The Très Riches Heures is an early fifteenth-century Book of Hours, containing the Hours of the Virgin as well as a custom selection of prayers and devotions intended to be recited throughout the day during the eight canonical hours. In the Middle Ages, Books of Hours were bestsellers, likely for religious reasons. But if you stuck a couple of illuminated miniatures in your Hours you suddenly had yourself a status symbol. Kind of like a Starbucks paper cup is a status symbol today. Yeah, that’s a good analogy. Books of Hours were kind of like the Starbucks cups of the Middle Ages.
This particular Book of Hours was commissioned by Jean, the Duke of Berry, who was an avid collector of expensive things like brooches and castles and hunting dogs. When it came to books (which were also very expensive during his time) the man owned no fewer than 70, in addition to numerous maps and treatises. In short, Jean had stupid amounts of money that he didn’t seem to have any trouble spending.

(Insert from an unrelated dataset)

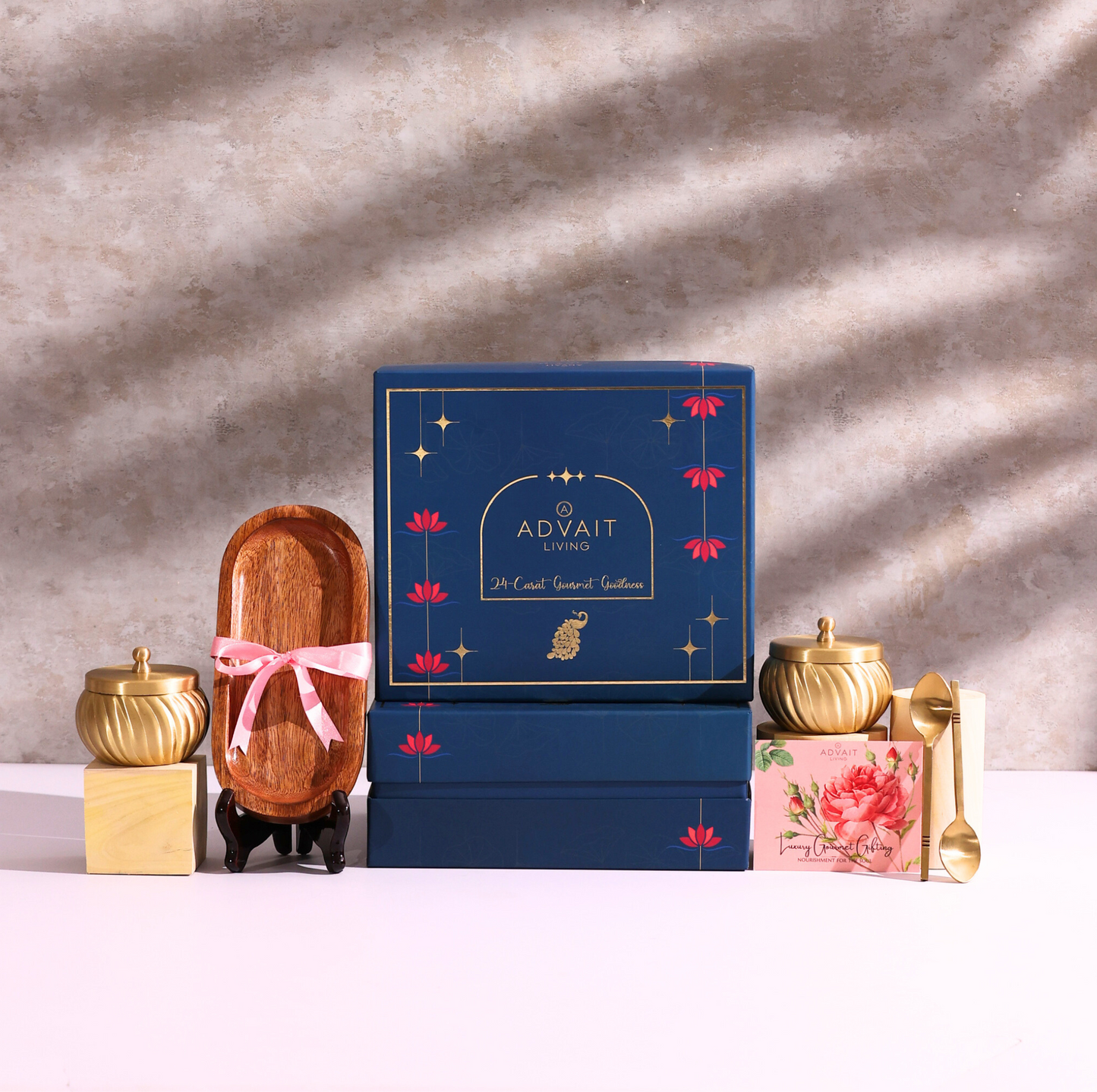 Gaîa Effortless Hosting | Premium Gifting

This is why he blew tons of money on getting the valuable materials that were used to produce his Très Riches Heures. For example, see that blue in the picture above? That colour was made from azur d’outreme, which comes from Middle Eastern semi-precious lapis lazuli. But, of course, Jean didn’t stop there; he also made sure that he hired some of the most famous artists of the age – the Limbourg Brothers (Hermann, Jannequin, and Pol) – to produce his book. It’s too bad that all three Limbourg Brothers died in 1416 from the Plague. Should they have lived longer, I’m sure they would have graced us with even more works featuring hidden penises. Just look at that peasant in the shed, letting it all hang out. He is lovin’ life.